The Obama-Biden administration pressured public schools to dramatically stem the number of suspensions and expulsions, particularly as they related to students of color and students with disabilities. As a direct result, dangerous students remained in the classroom and understood quickly they would not be held accountable in any real way for their behavior. Moreover, their peers saw the behavior being excused and were inspired and/or empowered to act out. The results of this approach are still being felt a decade later with out-of-control students and administrators who were set up to fail.

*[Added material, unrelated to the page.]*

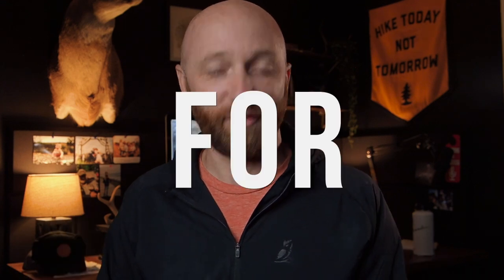Welcome back to the channel. My name is Emery. I just want to help you get better at backpacking. Today it's a pretty big one — we're going to talk about how to drop your pack weight for free by not spending any money at all.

The Trump administration rolled back many of these Obama-era policies starting in 2018. But the Biden administration appears ready to reimplement them and may even go further. President Biden nominated Catherine Lhamon to head the [Office of Civil Rights], the same position she held in the Obama administration, where she spearheaded the initiative to insert the federal government into school discipline policy. Lhamon has telegraphed her intentions for her second tenure in the position, saying, “I’m deeply worried about the kinds of discrimination that may be allowed to proliferate if there’s not an effective and meaningful civil rights backstop.” -RealClearEducation, October 18, 2021
Nobody wants kids to be suspended or expelled from school, especially not hard-working parents who don't have the time or flexibility to sit at home with their child while they serve their sentence. Teachers don't want their students to miss classes because it puts that child at a severe disadvantage of being behind on an already-demanding curriculum.* Administrators don't want students to miss school because butts in seats equal dollars in budgets. The only people who want those kids kicked out are the offenders who go home to play video games or sleep all day, and the students who feel threatened by the behavior.
*Teachers want students to succeed, but we don't have the ability to stop a 60-minute class of 34 students to address constant disruptions so there is a degree of relief when the source of the behavior problems is absent.
Shortly after classes resumed in 2024, a student transferred into our school and I soon learned this student had been in and out of this school a number of times since their early elementary days. One day the cell phones of the entire class were collected by one of my colleagues; I was given the box and decided to keep them until lunch. This student was so livid they did not have their phone during English Language Arts class that they threw a desk over their head and onto the floor, screaming like a banshee. That wasn't enough, so the student punched a tablet and cracked the screen before walking out of my classroom. The kids and staff all knew about this student's "anger issues," but nothing was done to discipline the bad behavior. Unusually bad behavior with no consequences? Discouraging but not surprising.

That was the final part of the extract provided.